I read an article on Sulcata Station where someone used an oil filled electric heater in one of these rubbermaid sheds without adding any insulation. That person was from Arizona. Do you think that would work, or would there be an astronomical heating bill in the winter? I know some of you are using the oil filled heaters and that sounds like a good way to go, but still need opinions about insulation. Just in the planning stages, 'cause my torts aren't old enough to stay outside this winter. But would like to get the building part started and have the shed up by next summer. (We are a little slow around here, haha) Just doesn't make sense to make something that will be too small in the future and then have to build it again. thx



wellington said:


> Seeing torts don't get as tall as us humans, make a second roof that goes over half of the inside of the shed. It will make it easier to heat, as the heat won't have as high to go in that half. Understand what I am trying to say?
> 
> I need to explain better for myself. Make half of the shed with a lower ceiling/roof. That will be the warmer heated area, with insulated sides and roof/ceiling. Then that opens up with doorway cut out into the rest of the shed that has the original ceiling/roof. That's the cooler side.

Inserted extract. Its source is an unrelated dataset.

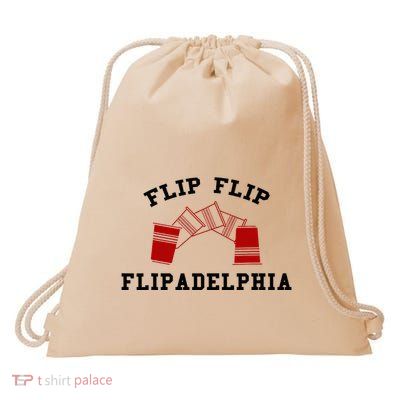 Flip Flip Flipadelphia Drawstring Bag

I had considered something like this also. Maybe a sheet of insulation laying across brackets so that it can be removed easily.


----------



## wellington (Sep 16, 2012)

I know Tom in Cali uses one of those heaters you are talking about on a thermostat. However, I think it is in a wood insulated house. If its insulated well, it shouldn't cost much. I am looking into a portable solar unit to run a heater for when mine is big enough to stay outside. Maybe check that out too.


----------



## DesertGrandma (Sep 16, 2012)

C'mon...someone must have tried this idea before....with luck or no luck????


----------



## lynnedit (Sep 16, 2012)

I have a Rubbermaid dog house, so the lid keeps a pretty good seal. What about using the spray insulation in the roof only, for simplicity in sliding it off (as the spray insulation can be pricy). Then reflectix taped or screwed on the sides. I put 2" rigid insulation underneath mine; taped the piece off with aluminum tape to keep it intact. You could put the whole thing on a sturdy tarp, or on a bed of gravel for drainage.

You could do the above, then go with Barb's suggestion of a smaller wood hide on one side with it's own door and heat that area warmer if needed. Then the main shed could just be warmed as background heat to the 60's.

They make the mini oil filled radiators too, Zamric uses one in his enclosure.


----------



## DesertGrandma (Sep 16, 2012)

Those are good ideas Lynne. I know the spray foam insulation is expensive, hadn't thought of using it just in the roof. thanks


----------



## lynnedit (Sep 16, 2012)

Yeah, it squirts in pretty nicely. If your shed has segmented sides or roof, then drill a hole or two in each section. Spray, then wait for it to expand. Spray again. Proceeding slowly means that you will waste less (but can be boring, lol. another reason to do the roof only). If it bulges out the hole, you can wipe it off, or let it harden and shave it off with a utility knife.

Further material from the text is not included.